In general, any hedging strategy is understood to help insulate the investor from the occurrence of events that could threaten to cause a deal to lose money. When it comes to currency hedging, the idea is to convert or exchange the currency while the rate of exchange is favorable, and then make the investment with currency that is native to the country of origin where the investment is based. For example, rather than paying for shares of stock connected to a company based in the United Kingdom with United States dollars, the investor would first convert the dollars into British pounds, then use the pounds to make the actual stock purchase.

In order to further protect from possible changes in the rate of exchange, the investor normally will also agree to sell shares after a given time period. The shares would be sold at a rate that may be slightly below the exchange rate between the pound and the dollar that was in effect prior to the purchase of the shares. What this does is create a situation where the investor stands to make a substantial profit if the dollar actually strengthens against the pound in the interim. At the same time, if the dollar weakens against the pound during this period, the loss is offset by the contract to sell the shares, thus minimizing the overall lost that must be absorbed by the investor.
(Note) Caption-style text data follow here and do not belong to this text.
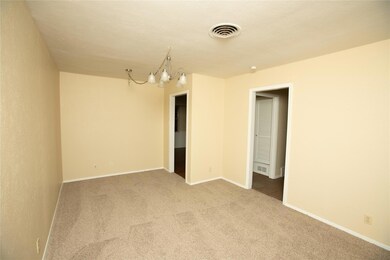 524 E Redbud Dr, Hurst, TX 76053 - photo 7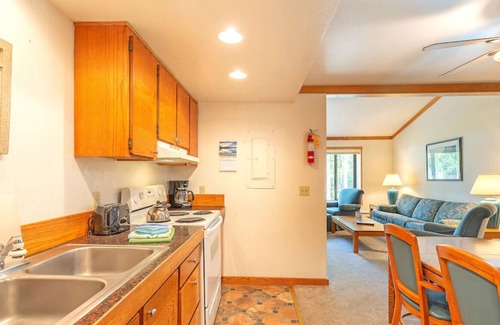 Union Condo | Union Waterfront Condo Retreat!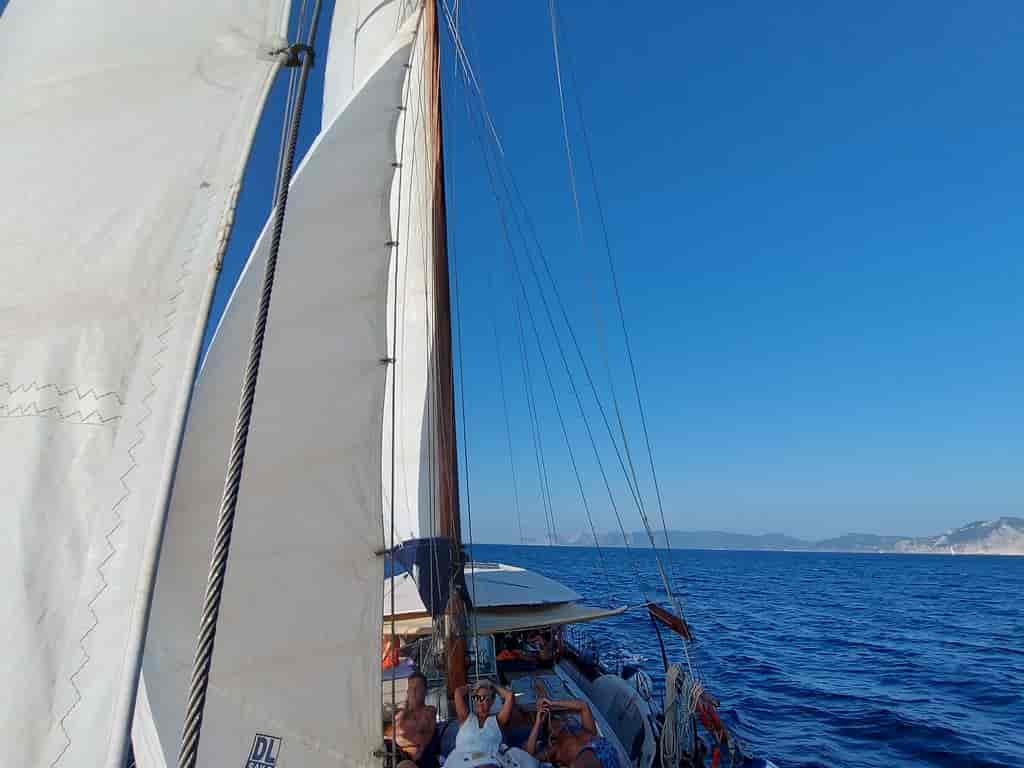 Boat picture 17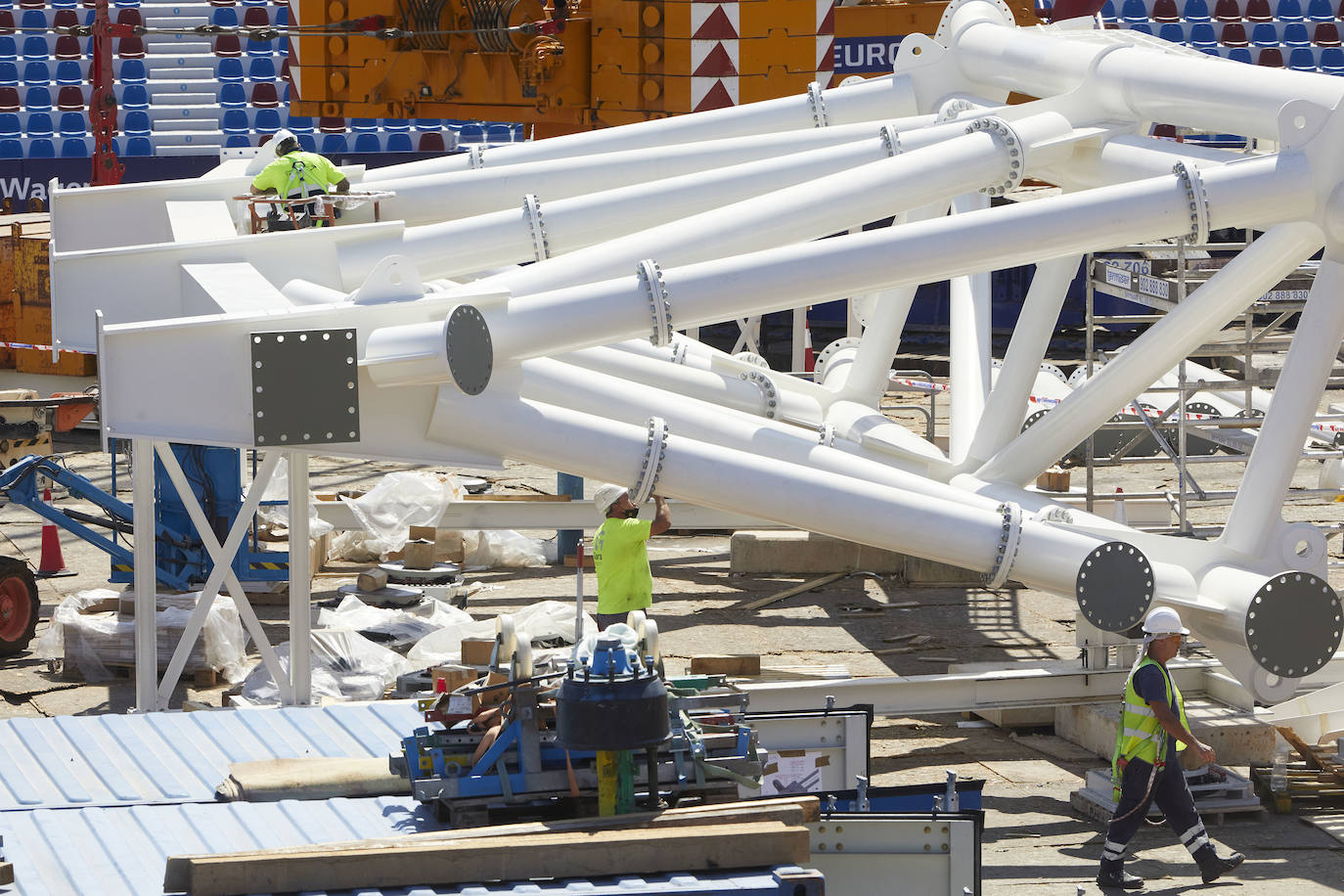 Fotos: Progresan las Obras de la cubierta del Ciutat de Valencia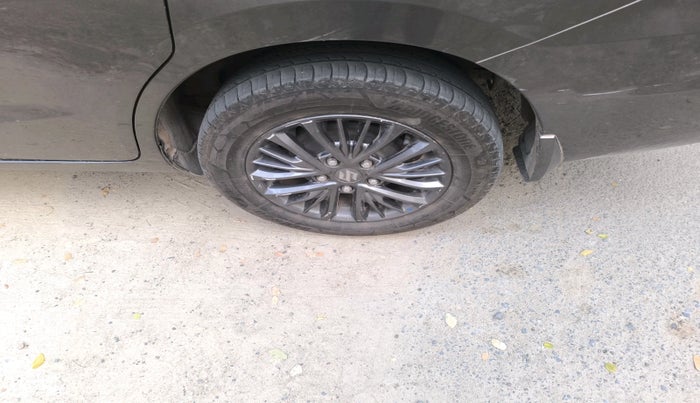 2019 Maruti Ertiga ZXI+ SHVS, Petrol, Manual, 1,10,365 km, tyre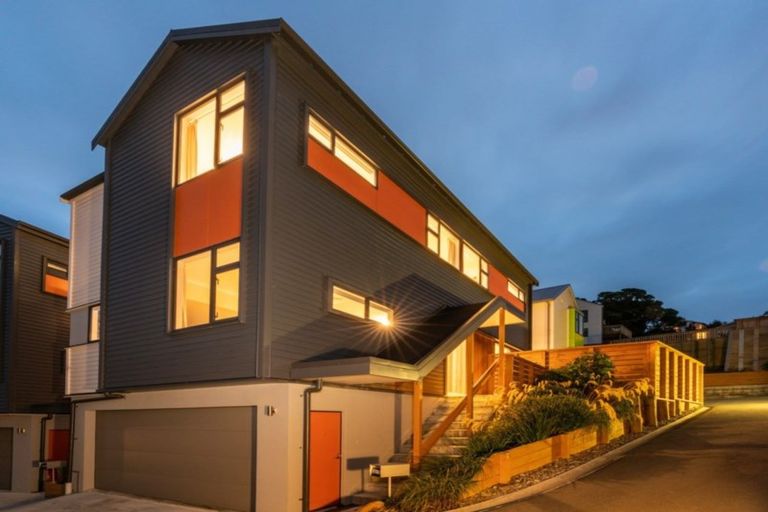 Photo of property in 16/22u Booth Street, Miramar, Wellington, 6022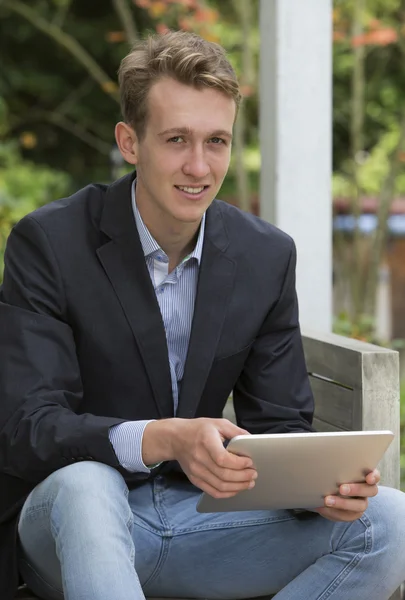 Ung affärsman med tablett — Stockfoto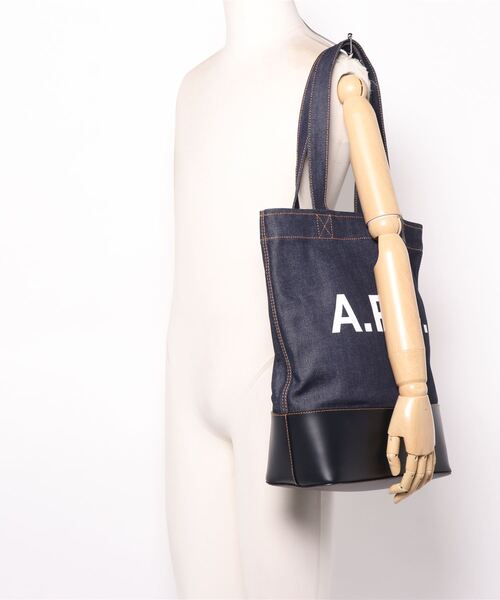 A.P.C.（アーペーセー）の「TOTE AXEL（トートバッグ・メンズ・ネイビー・ONESIZE）」の5枚目の写真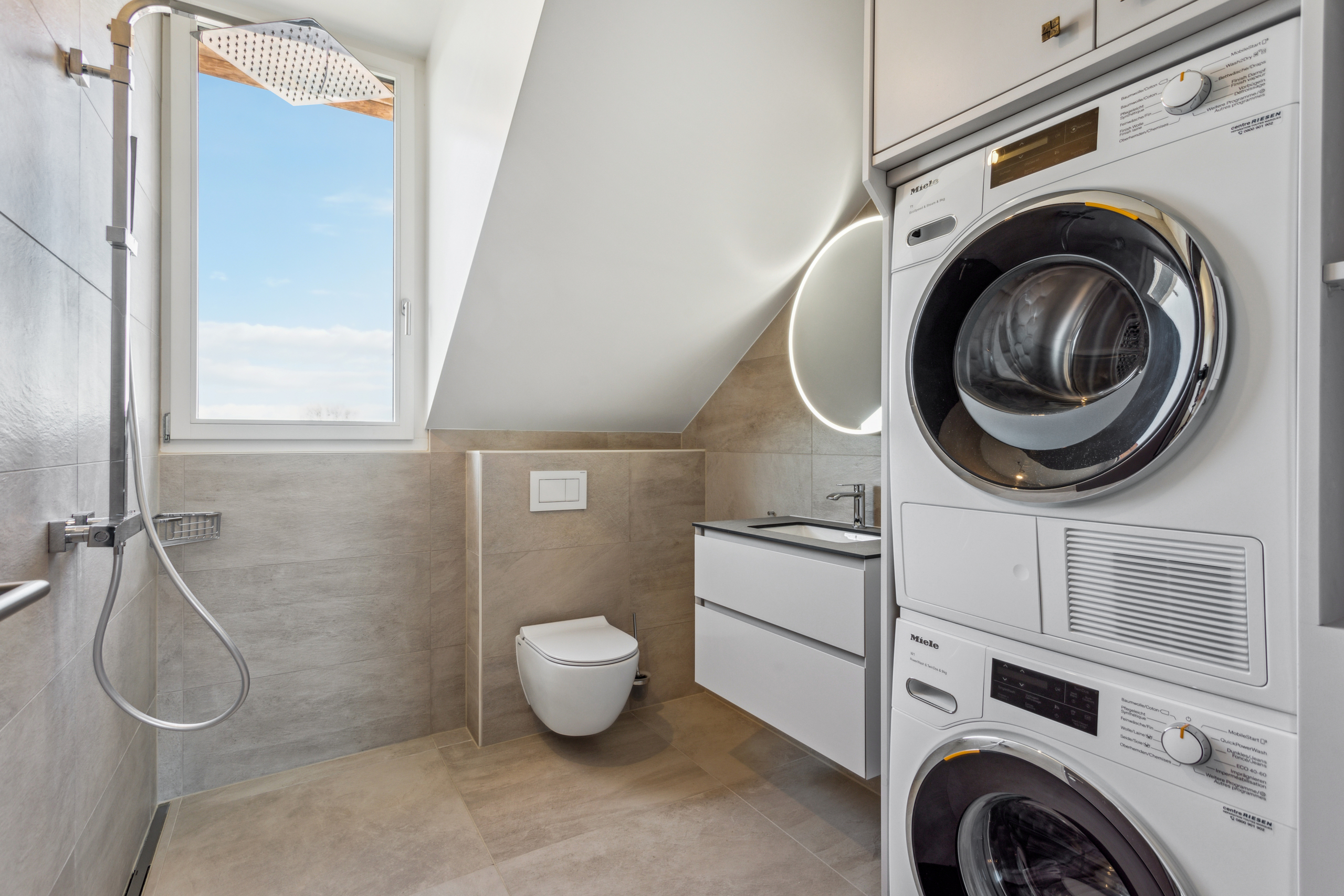 Duschraum mit Waschsäule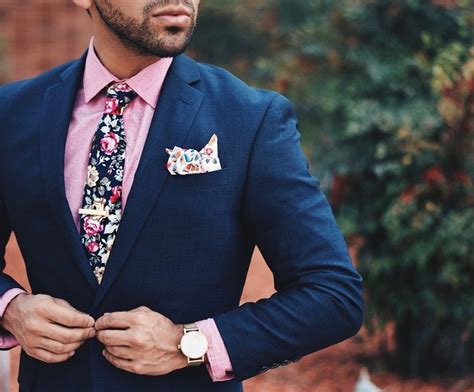 Grooms Wedding Fashion Guide 2018 Navy Suit Pink Shirt Blue Suit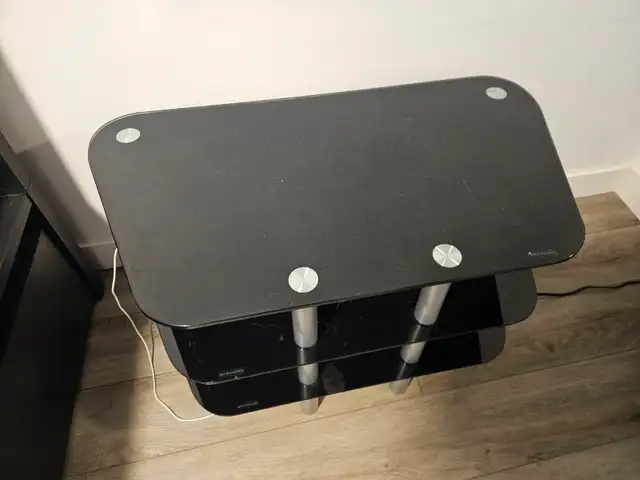 Petite table/meuble en vitre in Coffee Tables in Longueuil / South Shore - Image 3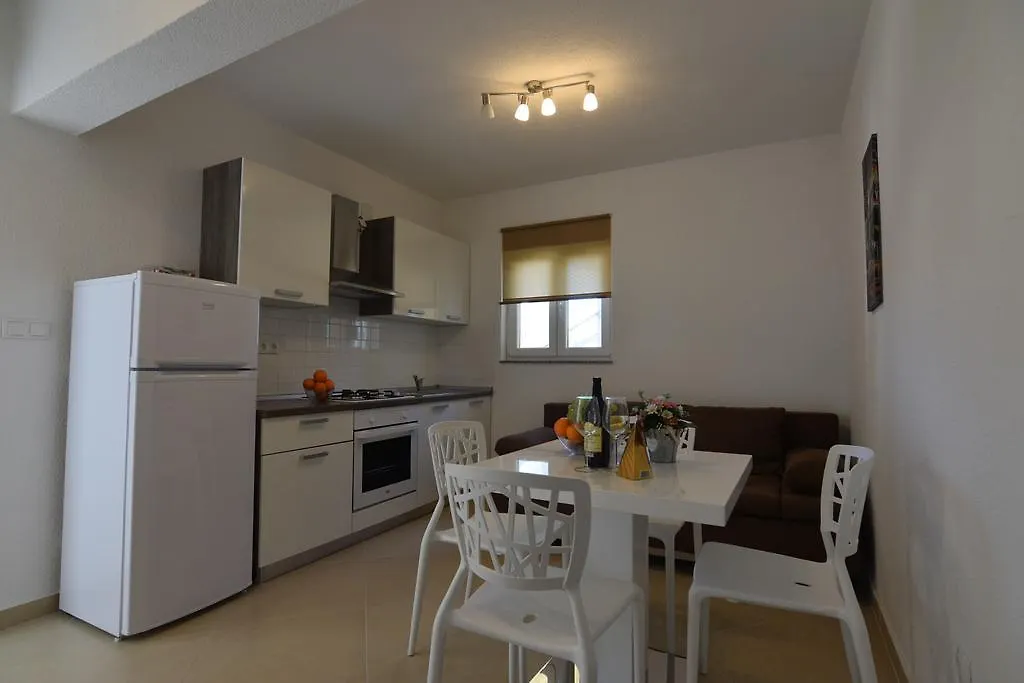 Apartments Batarilo Croatia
In this manner, currency hedging functions as a level of protection for the investor.

The use of currency hedging strategies is a great way to keep the amount of loss at a minimum when dealing with international investment opportunities. At the same time, the approach does not in any way cripple the ability to make a substantial profit from the venture. By employing this approach, it is possible to entertain investment opportunities that would otherwise be considered too volatile for the investor to consider.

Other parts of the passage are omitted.